Data ::
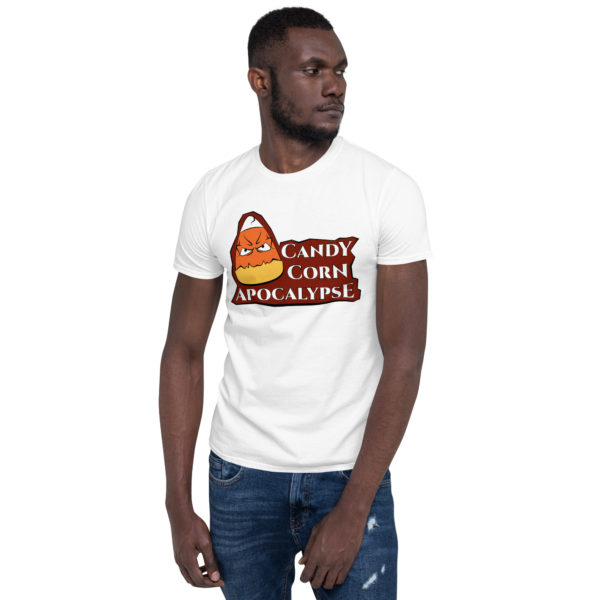 Short-Sleeve Unisex T-Shirt -- CCA Logo - Image 13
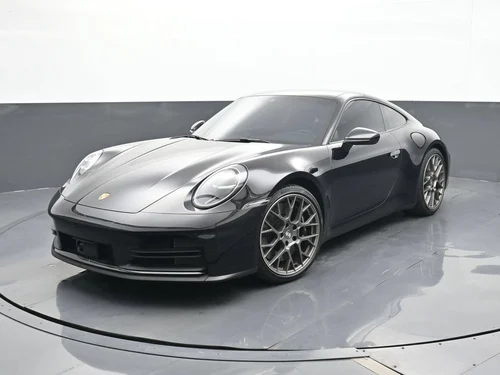 
           
        2026 Porsche 911 Carrera S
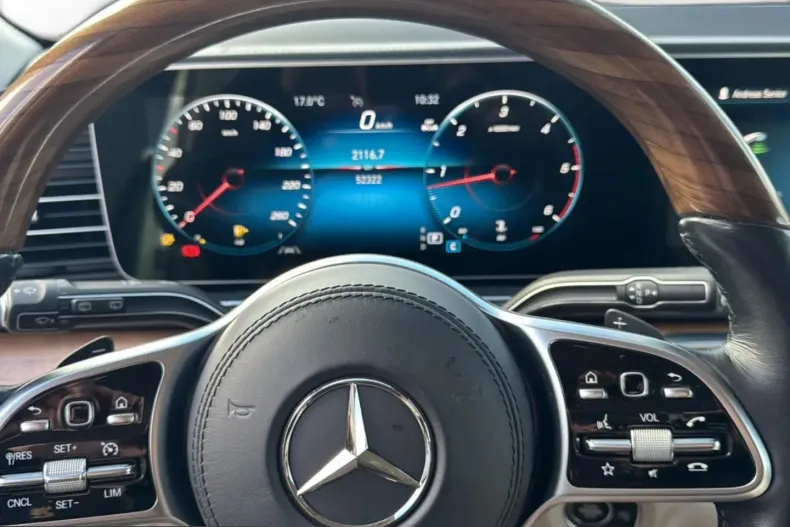 Mercedes-Benz GLS 350 (Clasa GLS) din 2023 cu 53.000 km - oferta MER261773 - foto 14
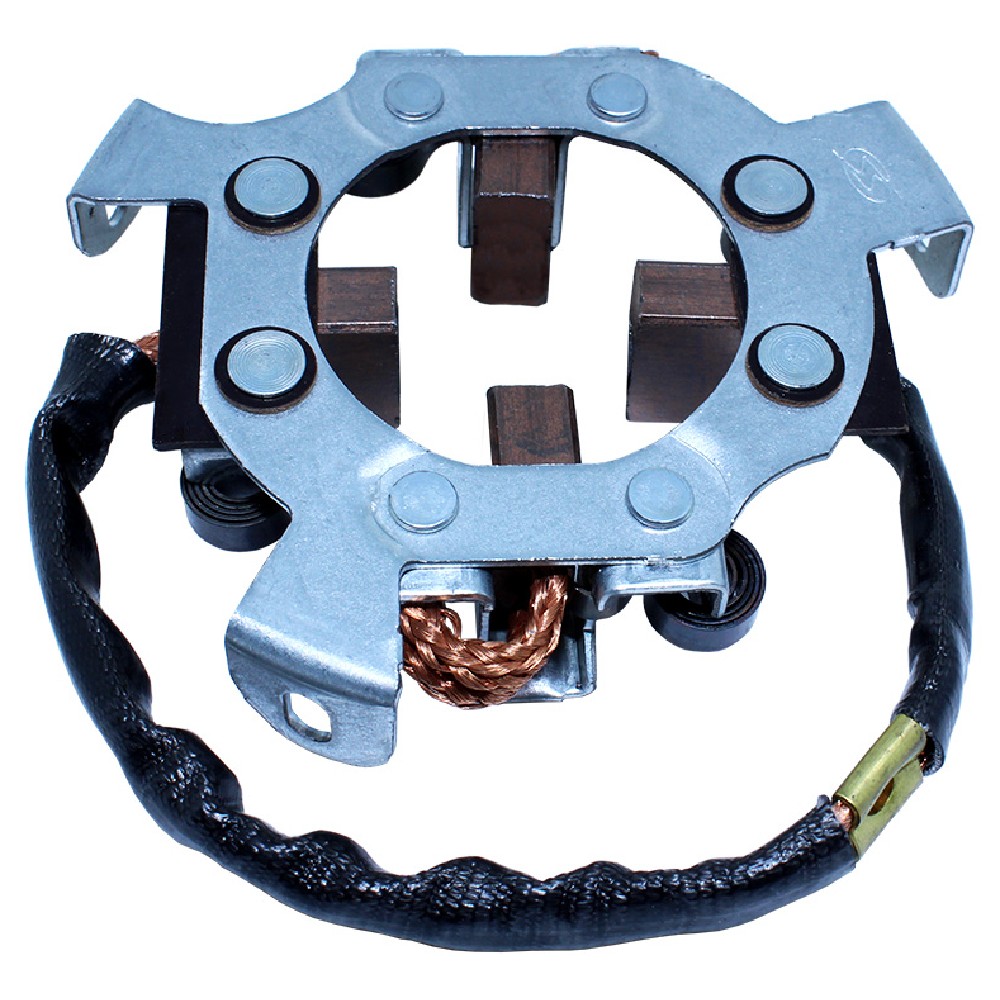 Porta Escovas para Motor de Partida com 4 Escovas - Unifap - 1.110/4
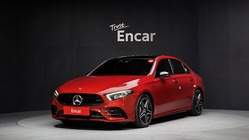 Mercedes-Benz A-Class 2022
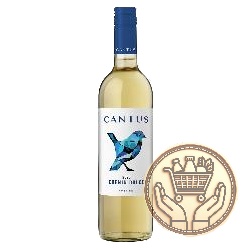 vino blanco cantus chenin dulce 750cm3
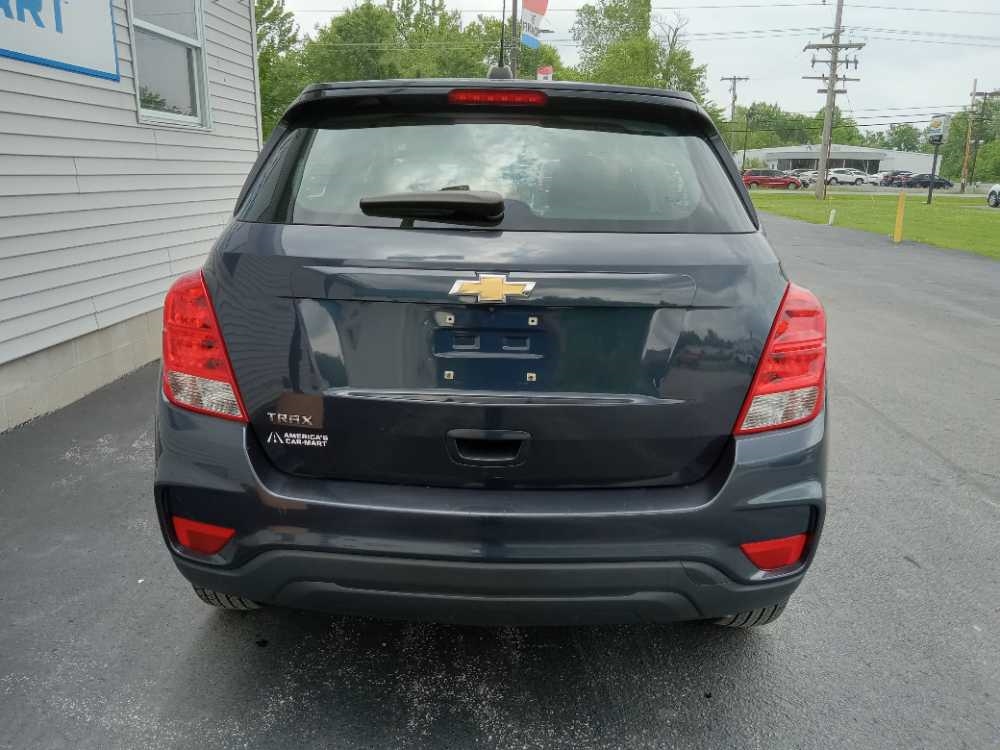 CHEVROLET TRAX LS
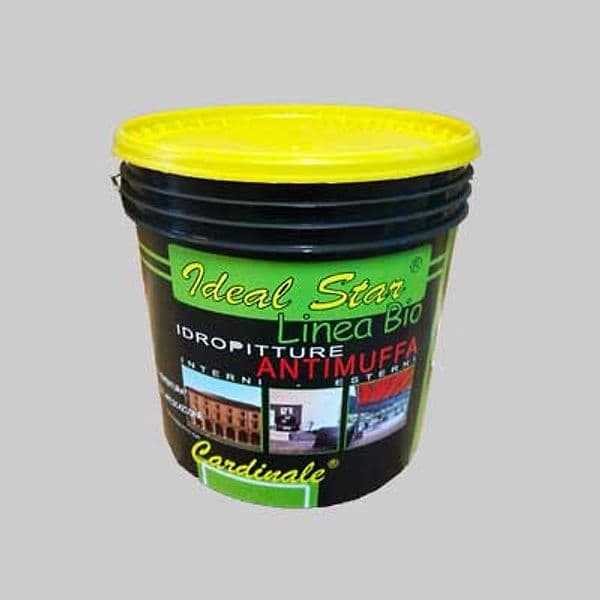 Quarzo Antimuffa Ideal Star 14 l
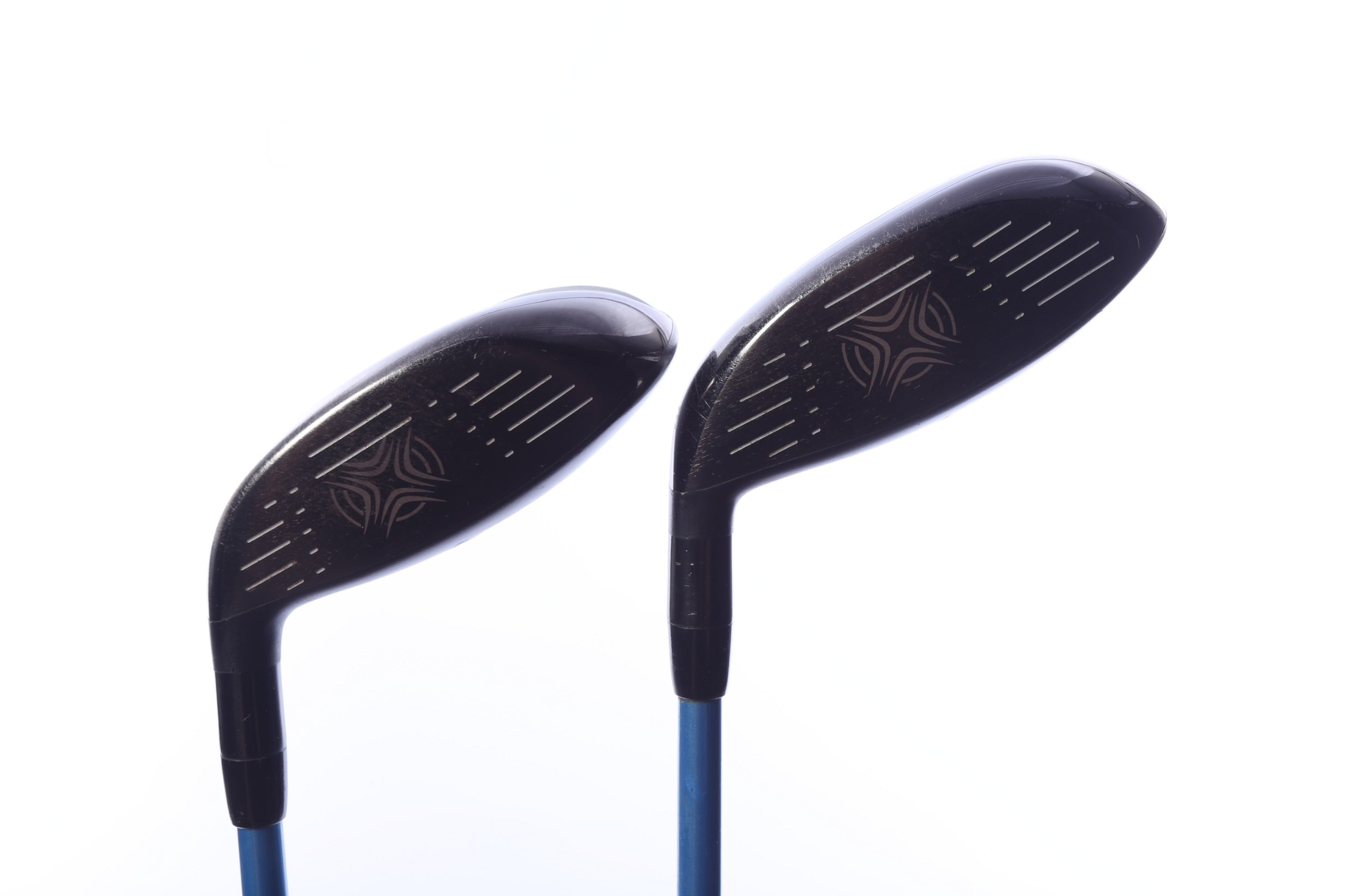 Used Callaway XR Wood Set - Right-Handed - 3W, 5W - Ladies Flex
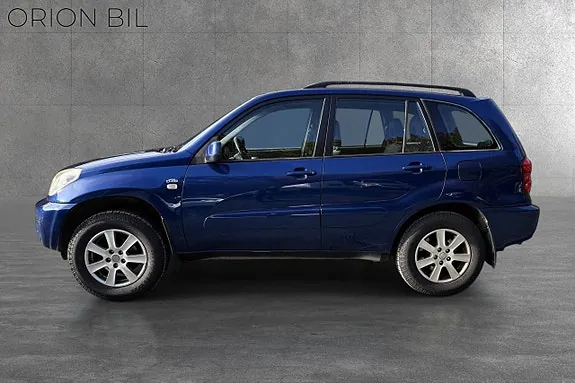 Toyota Rav4 2005 photo 4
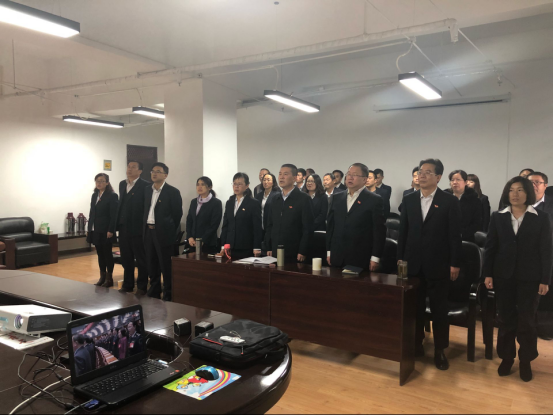 人民有信仰，民族有希望，國家有力量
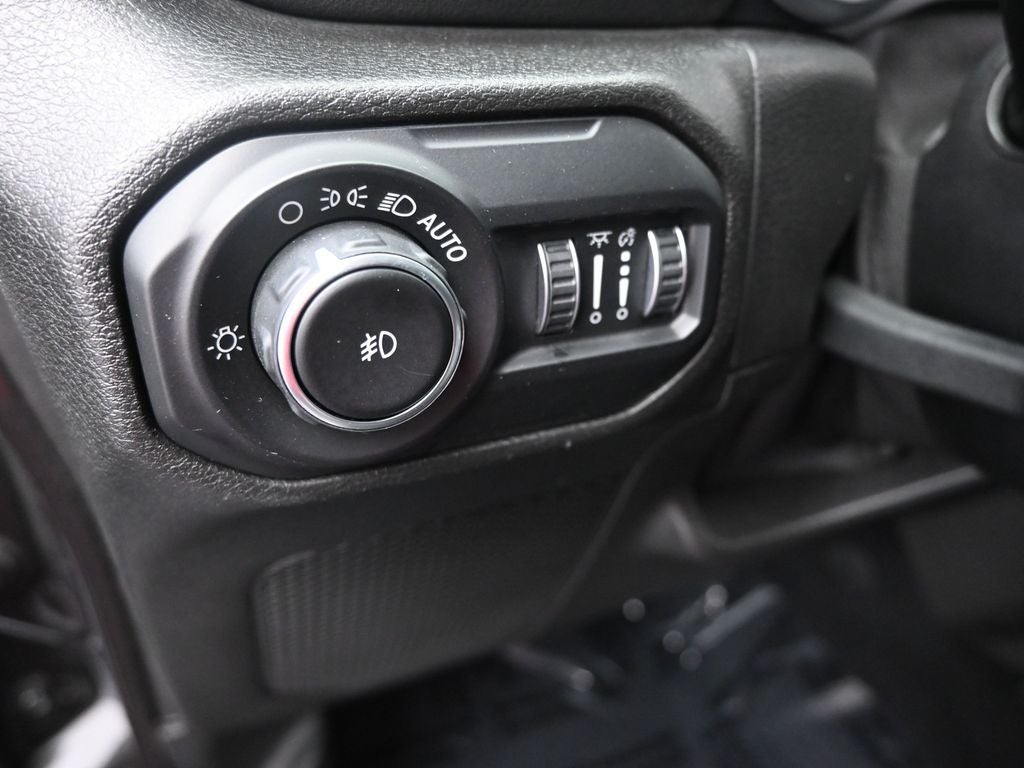 2019 Jeep Wrangler Unlimited Moab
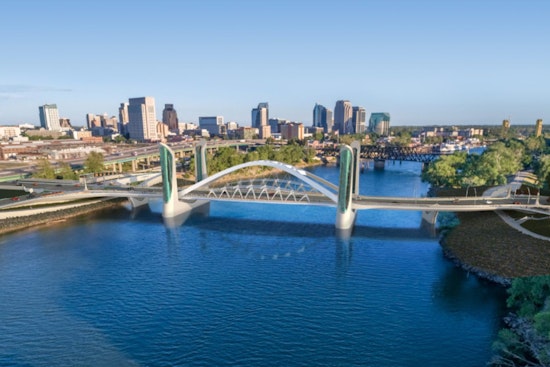 California Transportation Commission Approves $25M for New Sacramento-West Sacramento Bridge Project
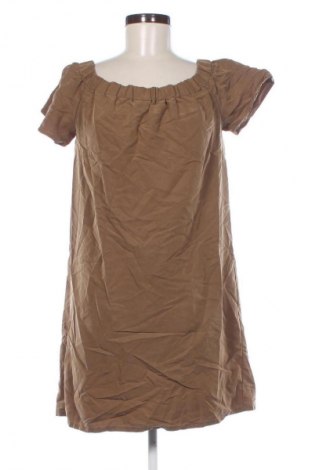 Kleid H&M, Größe L, Farbe Braun, Preis € 11,99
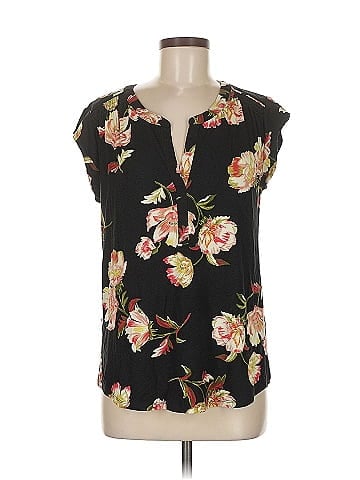 Daniel Rainn Short Sleeve Blouse (view 1)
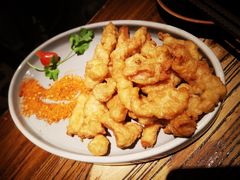 -令狐冲烤鱼·烧菜馆(达明店)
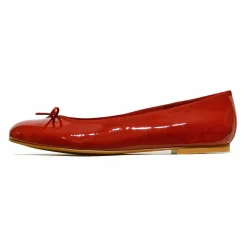 Sacapuce DALIA vernis rouge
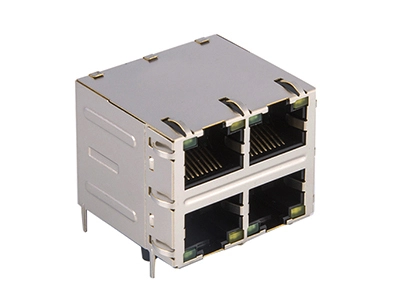 KLS12-TL135 1000 Base 2x2 RJ45 1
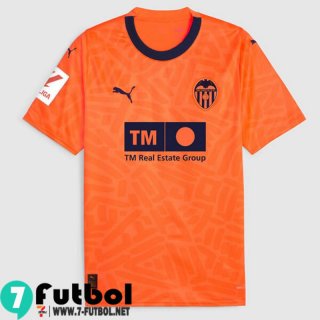 Camiseta Futbol Valencia Tercera Hombre 23 24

What this task involves :: Images in the data above are to be skipped. Retype all other material exactly.

Completed exercise ::
 Short-Sleeve Unisex T-Shirt -- CCA Logo - Image 13
           
        2026 Porsche 911 Carrera S
 Mercedes-Benz GLS 350 (Clasa GLS) din 2023 cu 53.000 km - oferta MER261773 - foto 14
 Porta Escovas para Motor de Partida com 4 Escovas - Unifap - 1.110/4
 Mercedes-Benz A-Class 2022
 vino blanco cantus chenin dulce 750cm3
 CHEVROLET TRAX LS
 Quarzo Antimuffa Ideal Star 14 l
 Used Callaway XR Wood Set - Right-Handed - 3W, 5W - Ladies Flex
 Toyota Rav4 2005 photo 4
 人民有信仰，民族有希望，國家有力量
 2019 Jeep Wrangler Unlimited Moab
 California Transportation Commission Approves $25M for New Sacramento-West Sacramento Bridge Project
 Kleid H&M, Größe L, Farbe Braun, Preis € 11,99
 Daniel Rainn Short Sleeve Blouse (view 1)
 -令狐冲烤鱼·烧菜馆(达明店)
 Sacapuce DALIA vernis rouge
 KLS12-TL135 1000 Base 2x2 RJ45 1
 Camiseta Futbol Valencia Tercera Hombre 23 24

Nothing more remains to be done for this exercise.